By Joanna Dehn Beresford 03/04/2010

“The best laid plans of mice and men often go awry.” 
— Robert Burns

Actually, it’s “gang aft agley.” That means “often go awry” in Scots, and that’s how the man the Scots call Bobbie originally wrote the poem, generally referred to as, “To a Mouse.” As I mentioned in an earlier column, I’m a horrible planner, so I usually pay little heed to the aphorism. But the mouse part comes to mind because my own personal mouse business took a dire turn for the worst this week.
 
Here’s how the story starts: My mother was dying, practically dead actually (well, not really, but she’d be better off dead, judging from her present condition, after decades of Alzheimer’s blitzkrieg has battered her into a raveled string-looking ruin of a creature, hardly conscious in bed). Anyway, I flew back east to visit her recently after some fresh scares about her health.

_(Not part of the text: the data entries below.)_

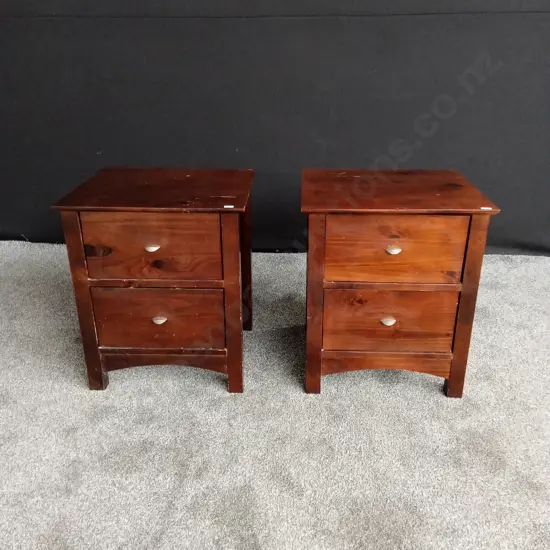 SET OF 2 WOODEN BEDSIDE TABLES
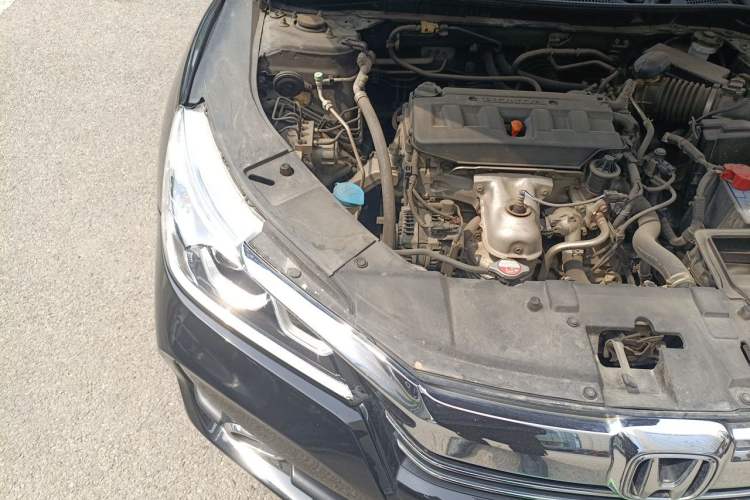 Used Honda Accord 2016 2.0L Comfort Edition Engine Bay Right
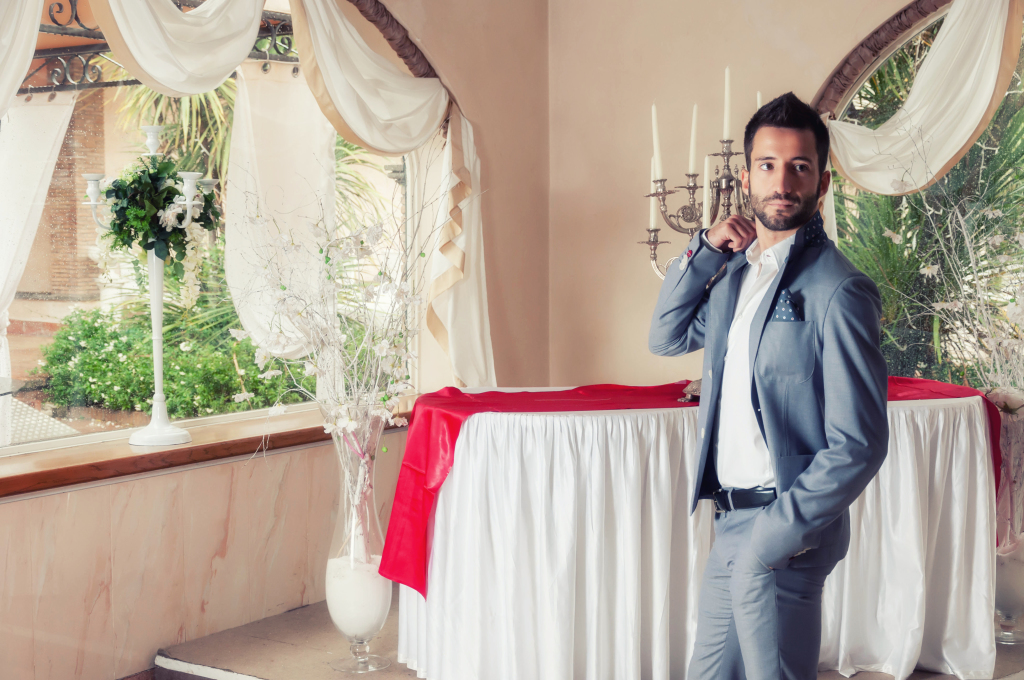 model: Alessandro Spigai photo: Giovanni Cingolani brand: Celluzzi uomo location: www.villailsogno.it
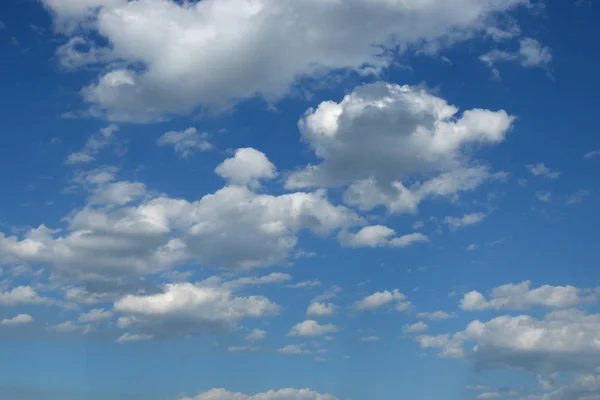 雲の背景 空の雲と青空 — ストック写真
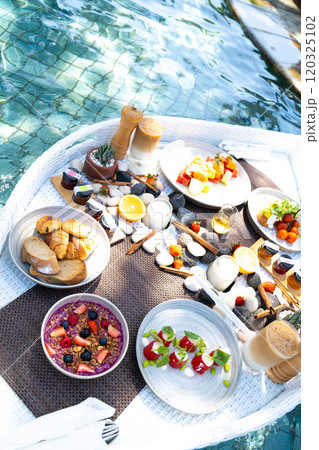 バリ　フローティングブレックファスト　イメージ 120325102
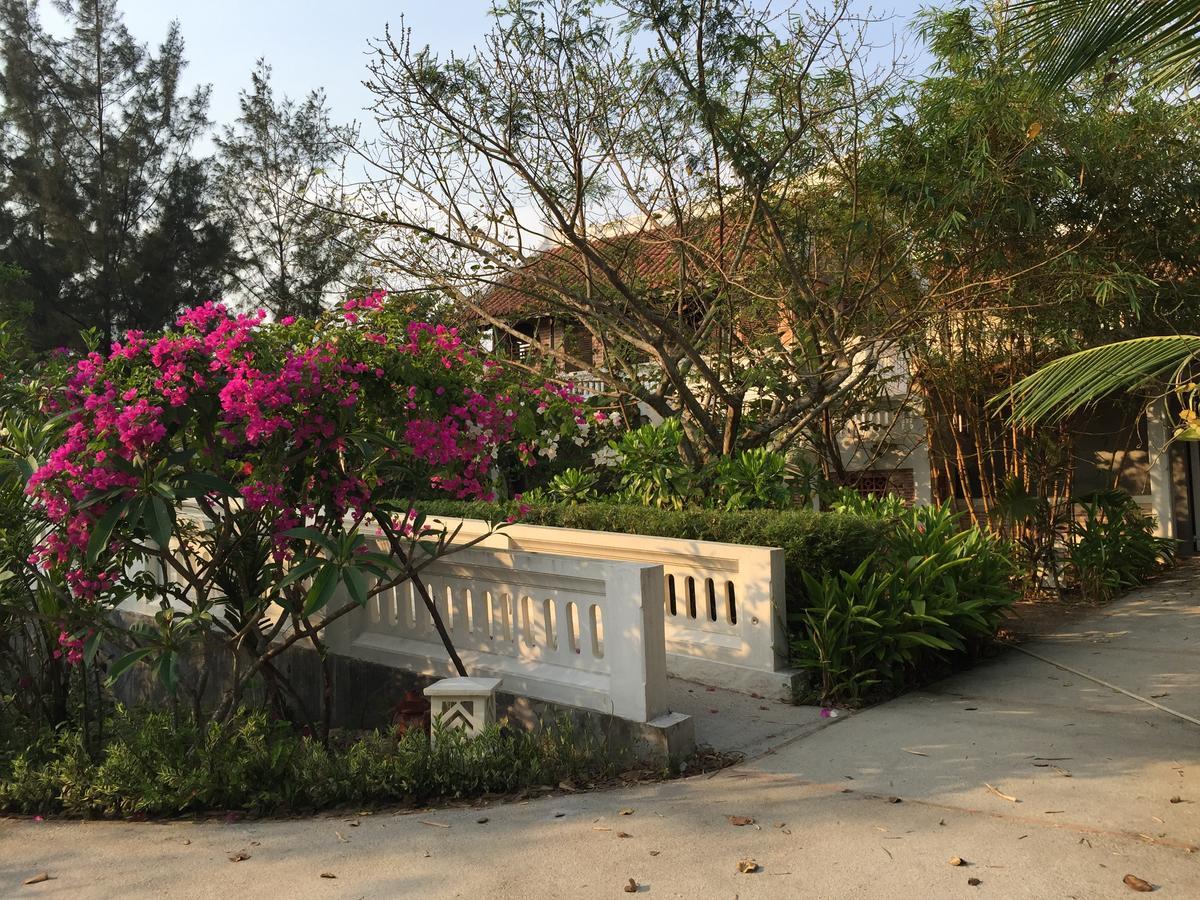 Villa Louise Hue Beach Boutique Hotel Eksteriør billede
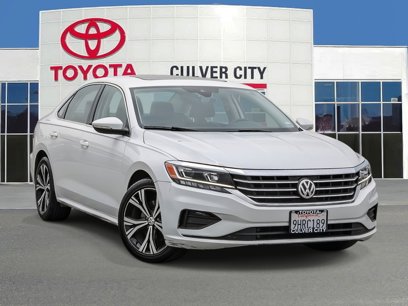 Used 2021 Volkswagen Passat 2.0T SE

And guess what? She was “fine,” because somewhere inside her there’s still an unwavering will, or tenacity, or whatever. But, upon returning to California, I discovered that I was, once again, a new mother myself.
 
“I’d like you to meet Ash,” said my son, somehow appearing guilelessly wide-eyed and sly as a snake at the same time. He extended his gently cupped hands, inside of which lay a tiny ball of fur, curled up and sniffling: a baby mouse. How Ash arrived in our home is a Byzantine tail — I mean tale — of its own. He’s here because I can hardly ever say no to a new pet. Those bratty children of mine know me too well.
 
So, my point is, for the purposes of this column: How do you make a home within a home for a mouse? A mouse house, so to speak.
 
I was busy, broke and distracted after my East Coast venture, too much so to make the Pet Smart pilgrimage immediately, so Ash lived in a Tupperware box for awhile. It got very stinky and it was too small for him, so we moved him up to a bright orange bowl with books stacked on top. Like tenement housing, sort of, with an upgrade.
 
Then Austin, my son’s friend, came over. Austin bears scars all over his body. He was in a terrible car accident two years ago that left him in a coma for months. He woke with amnesia and had to relearn everything. He has a little trouble in school, but he’s great on a skateboard and, as it turns out, he can build a killer mouse house. He made it out of boxes, books, twigs and tape. I called it Shantytown, and it worked for about a day, but then Ash started to escape.
 
And did I mention we have a cat? And that my son’s room looks like a garbage dump? Perfect place for a mouse to hide. We lost him about five times and spent hours looking for him (I even resorted to calling him: “Ash? Ash, where are you?”) Johnee, my son, would run his hands along Cleo the cat’s underbelly, feeling for a familiar mouse-like shape.
 
“Go check the litter box,” he told me.
 
We found him each time, and we finally schlepped over to the pet store and bought Ash a proper home: a cage. It’s white and green, two-tiered, with a tube and an exercise wheel. Here’s what he likes to do in it: climb all over the wire walls and ceiling; slide down the tube; nibble on nuggets from his bowl; sleep in a corner; and poke his pink nose through the openings.
“He’s got a nicer house than we do!” exclaimed my daughter. 
 
Perhaps. It’s safe, fun, cozy, comfortable, practical and interesting to him. And the surprising thing is that I respect him more now that he has a decent home. He was sort of a poor, misfortunate vagabond before; I felt sorry for him, but I didn’t respect him. Now he seems more dignified, sort of a proper middle-class mouse. Sometimes I almost envy his cage, his active life, his triumph over the hungry cat that still slinks around the house hoping to pounce on that morsel of mouse flesh.
 
But isn’t it funny how we feel about mice and people and the way that they live, and how pretty much every one of us has a place? My mother in her bed, with bars and bare walls. My kids and me in our ever-evolving, often untidy, sometimes downright disastrous home. And Ash in his cage. Mostly, we all just want a place where we can eat, play, sleep safely, and maybe if we’re lucky, have a pretty nice view of the world.